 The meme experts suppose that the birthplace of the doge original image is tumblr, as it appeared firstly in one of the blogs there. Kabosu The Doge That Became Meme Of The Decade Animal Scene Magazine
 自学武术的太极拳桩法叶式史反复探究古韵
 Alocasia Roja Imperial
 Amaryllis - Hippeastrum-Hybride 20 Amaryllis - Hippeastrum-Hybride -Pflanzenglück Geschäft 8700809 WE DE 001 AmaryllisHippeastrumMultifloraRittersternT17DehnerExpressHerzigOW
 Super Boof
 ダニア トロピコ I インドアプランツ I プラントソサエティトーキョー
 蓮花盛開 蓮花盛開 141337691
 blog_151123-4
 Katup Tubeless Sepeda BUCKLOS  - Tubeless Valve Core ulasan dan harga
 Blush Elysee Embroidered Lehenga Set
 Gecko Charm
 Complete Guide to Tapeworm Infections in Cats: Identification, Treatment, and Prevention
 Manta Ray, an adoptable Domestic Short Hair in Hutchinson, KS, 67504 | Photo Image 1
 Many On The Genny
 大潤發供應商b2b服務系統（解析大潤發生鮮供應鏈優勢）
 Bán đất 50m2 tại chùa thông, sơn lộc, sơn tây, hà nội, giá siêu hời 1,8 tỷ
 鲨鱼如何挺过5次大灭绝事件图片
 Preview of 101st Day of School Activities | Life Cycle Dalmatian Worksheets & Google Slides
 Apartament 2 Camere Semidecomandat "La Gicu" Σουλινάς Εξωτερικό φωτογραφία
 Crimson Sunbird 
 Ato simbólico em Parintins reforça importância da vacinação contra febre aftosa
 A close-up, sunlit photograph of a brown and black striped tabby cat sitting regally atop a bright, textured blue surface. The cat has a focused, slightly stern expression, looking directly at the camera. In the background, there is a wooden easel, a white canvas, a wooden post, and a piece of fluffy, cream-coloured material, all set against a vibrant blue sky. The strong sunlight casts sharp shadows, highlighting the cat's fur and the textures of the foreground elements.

(Activity) The whole listing is to be transcribed exactly.

(Finished exercise)
 The meme experts suppose that the birthplace of the doge original image is tumblr, as it appeared firstly in one of the blogs there. Kabosu The Doge That Became Meme Of The Decade Animal Scene Magazine
 自学武术的太极拳桩法叶式史反复探究古韵
 Alocasia Roja Imperial
 Amaryllis - Hippeastrum-Hybride 20 Amaryllis - Hippeastrum-Hybride -Pflanzenglück Geschäft 8700809 WE DE 001 AmaryllisHippeastrumMultifloraRittersternT17DehnerExpressHerzigOW
 Super Boof
 ダニア トロピコ I インドアプランツ I プラントソサエティトーキョー
 蓮花盛開 蓮花盛開 141337691
 blog_151123-4
 Katup Tubeless Sepeda BUCKLOS  - Tubeless Valve Core ulasan dan harga
 Blush Elysee Embroidered Lehenga Set
 Gecko Charm
 Complete Guide to Tapeworm Infections in Cats: Identification, Treatment, and Prevention
 Manta Ray, an adoptable Domestic Short Hair in Hutchinson, KS, 67504 | Photo Image 1
 Many On The Genny
 大潤發供應商b2b服務系統（解析大潤發生鮮供應鏈優勢）
 Bán đất 50m2 tại chùa thông, sơn lộc, sơn tây, hà nội, giá siêu hời 1,8 tỷ
 鲨鱼如何挺过5次大灭绝事件图片
 Preview of 101st Day of School Activities | Life Cycle Dalmatian Worksheets & Google Slides
 Apartament 2 Camere Semidecomandat "La Gicu" Σουλινάς Εξωτερικό φωτογραφία
 Crimson Sunbird 
 Ato simbólico em Parintins reforça importância da vacinação contra febre aftosa
 A close-up, sunlit photograph of a brown and black striped tabby cat sitting regally atop a bright, textured blue surface. The cat has a focused, slightly stern expression, looking directly at the camera. In the background, there is a wooden easel, a white canvas, a wooden post, and a piece of fluffy, cream-coloured material, all set against a vibrant blue sky. The strong sunlight casts sharp shadows, highlighting the cat's fur and the textures of the foreground elements.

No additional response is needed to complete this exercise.